*** Opening Input material ***

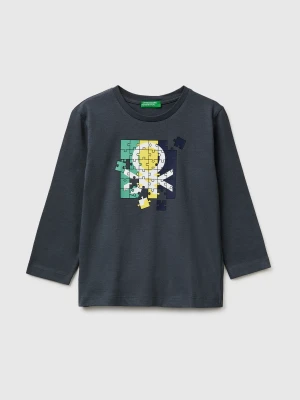 Benetton, T-shirt In Organic Cotton With Logo Print, Size: 116, Dark Gray, Kids United Colors of Benetton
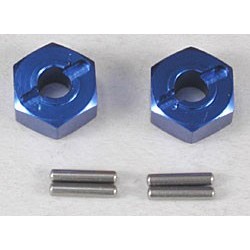 Wheel hubs, hex (blue-anod, lightweight ALUM) (2) axle pins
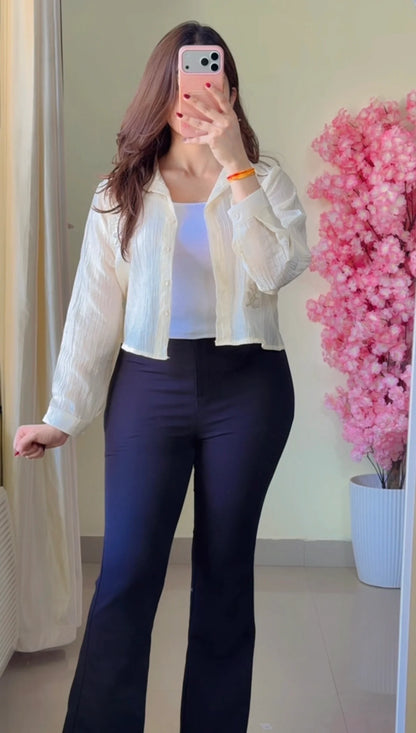 Cream White shirt+ Inner Combo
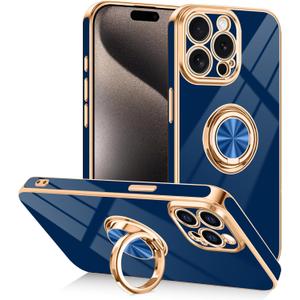 Tnarru Designed for iPhone 15 Pro Case with Ring Stand, 360 Rotatable Holder Support Magnetic Car Mount Soft TPU Plating with Full-Covered Lens Protection Phone Case for iPhone 15 Pro Blue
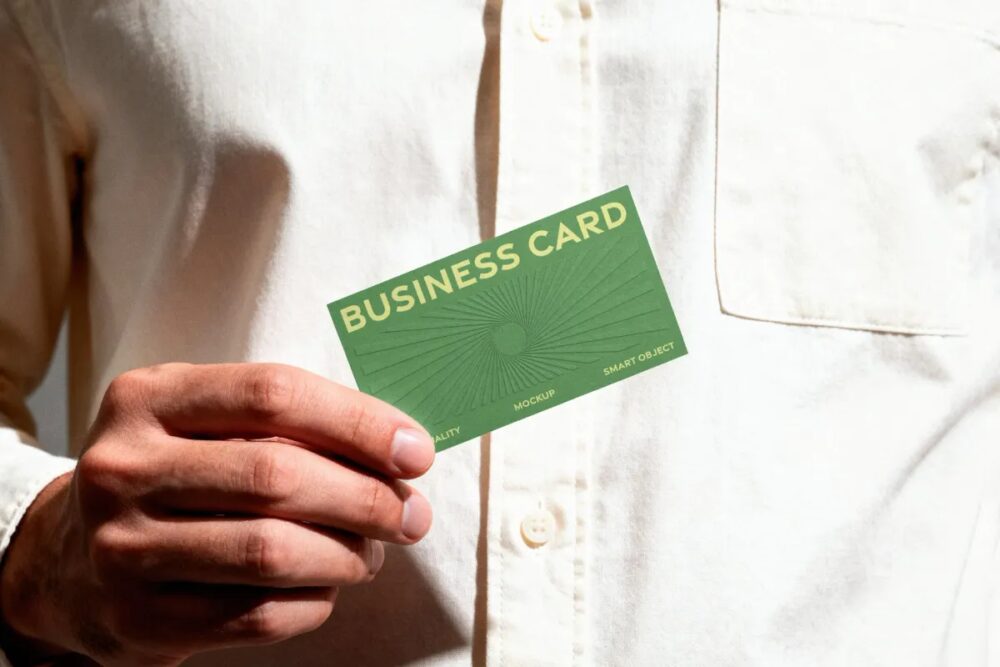 Download Handheld Business Card Mockup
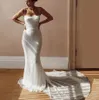 Glitter Mermaid Spaghetti Straps Sequins Wedding Dress 2024 Open Back Beading Sweetheart Bride Gown Shiny Court Train Open Back Vestido De Noiva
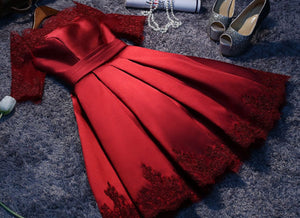 #1166 Off Shoulder Floral Embroidered Satin Skater Mini Dress with ¾ Sleeves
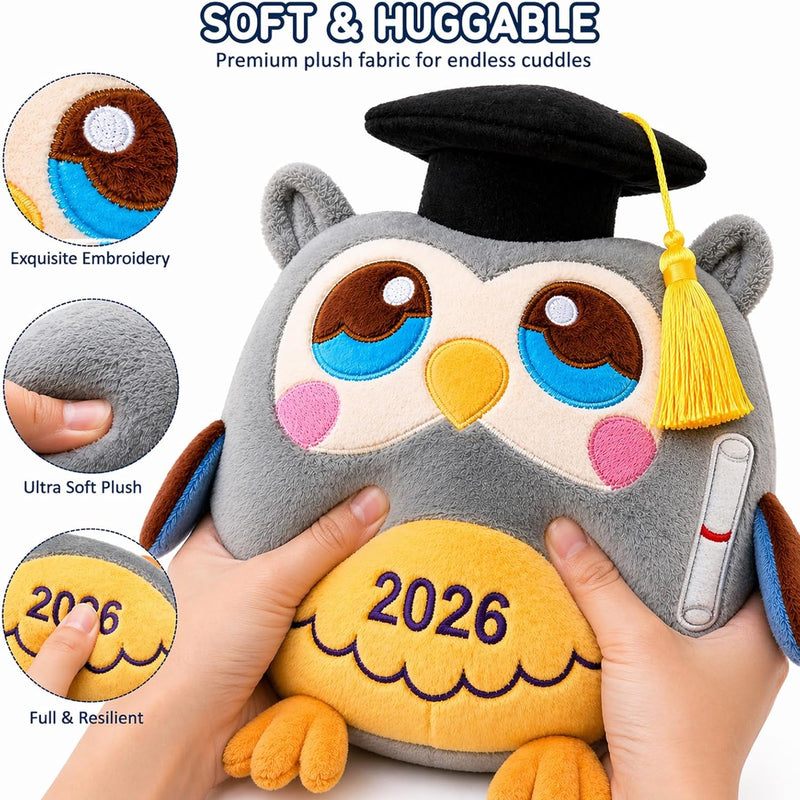 Graduation Owl Plush Stuffed Kindergarten Gift for Boys and Girls Class of 2026 11.8 inches with Black Cap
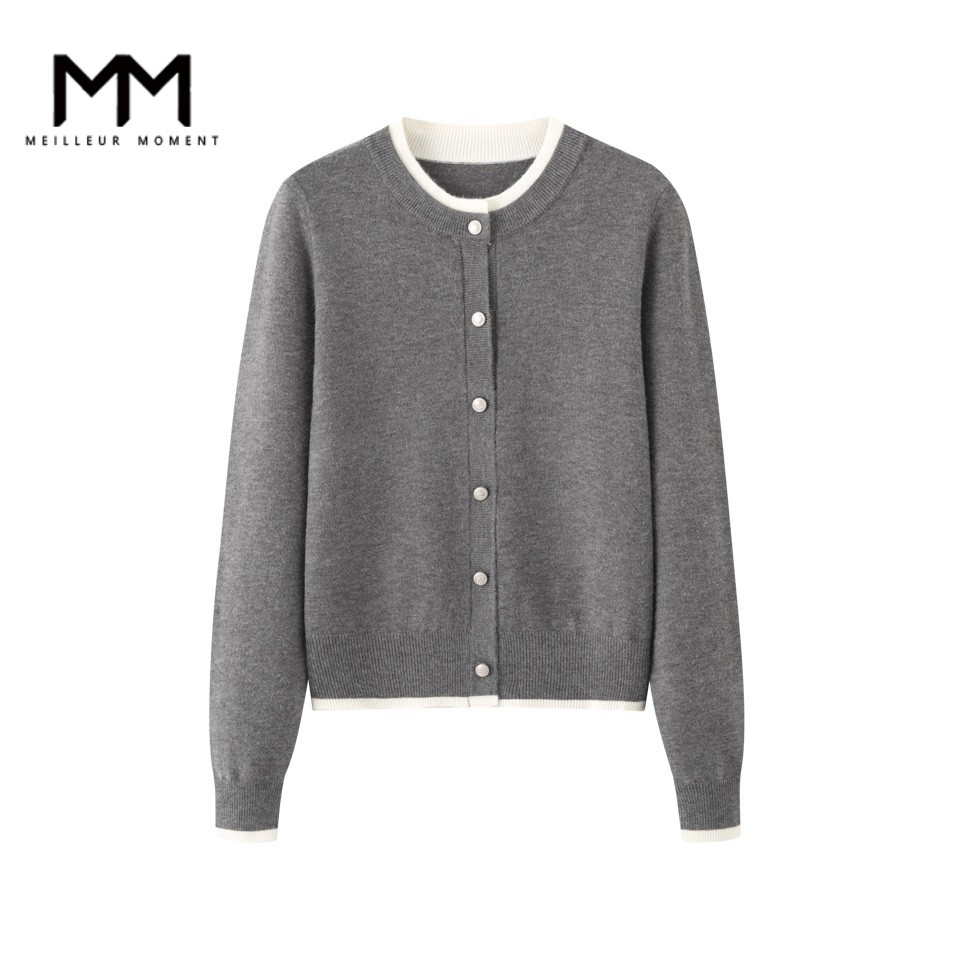 MM麦檬新品miu系穿搭假两件羊绒毛衣开衫外套25秋新款女5FA133011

*** Closing Input material ***

» Required action
Write the records out once more, exactly as they appear, with no pictures.

» Result below
 Benetton, T-shirt In Organic Cotton With Logo Print, Size: 116, Dark Gray, Kids United Colors of Benetton
 Wheel hubs, hex (blue-anod, lightweight ALUM) (2) axle pins
 Cream White shirt+ Inner Combo
 Tnarru Designed for iPhone 15 Pro Case with Ring Stand, 360 Rotatable Holder Support Magnetic Car Mount Soft TPU Plating with Full-Covered Lens Protection Phone Case for iPhone 15 Pro Blue
 Download Handheld Business Card Mockup
 Glitter Mermaid Spaghetti Straps Sequins Wedding Dress 2024 Open Back Beading Sweetheart Bride Gown Shiny Court Train Open Back Vestido De Noiva
 #1166 Off Shoulder Floral Embroidered Satin Skater Mini Dress with ¾ Sleeves
 Graduation Owl Plush Stuffed Kindergarten Gift for Boys and Girls Class of 2026 11.8 inches with Black Cap
 MM麦檬新品miu系穿搭假两件羊绒毛衣开衫外套25秋新款女5FA133011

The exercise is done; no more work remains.